The Geospatial Energy Mapper, an update to the Energy Zones Mapping Tool, is an online tool with a large catalog of mapping data for energy planning. It can aid in the identification of areas suitable for clean energy infrastructure projects. The Geospatial Energy Mapper is an online interactive mapping tool that can assist in identifying areas across the country that are suitable for wind, solar, and other clean energy infrastructure projects.
It can be difficult to remember, or even imagine, life before most of us carried around a dynamic mapping platform in our back pocket. It has become second nature to be able to quickly map out the most efficient route by car, bike, or foot. What if the same principle of having an easily accessible and easy-to-use tool could be applied to mapping energy infrastructure?

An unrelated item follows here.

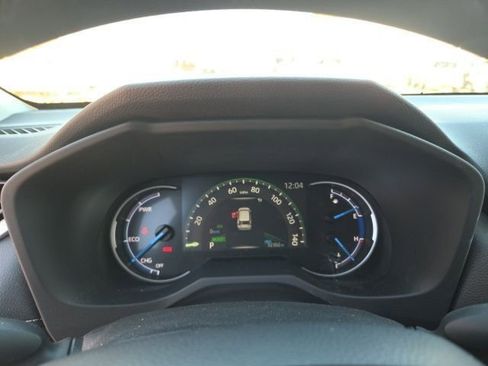 Used 2023 Toyota RAV4 LE image 29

The Geospatial Energy Mapper (GEM) is a comprehensive, interactive online mapping tool that can help identify areas across the country that are suitable for wind, solar and more. First publicly launched in 2013 as the Energy Zones Mapping Tool (EZMT), GEM has been redesigned, rebranded, and reengineered. GEM is hosted by the U.S. Department of Energy’s (DOE) Argonne National Laboratory with funding from the DOE’s Office of Electricity.
Choosing where to build utility-scale renewable energy development is a tremendously important decision with consequences that extend far beyond the generation of electricity.
Michael Levin
“In GEM we applied lessons learned from almost 10 years hosting the EZMT, including making it easier to learn and use, updating the software architecture, and choosing a name fitting its current scope of uses,” said Jim Kuiper, principal geospatial engineer, and GEM technical coordinator.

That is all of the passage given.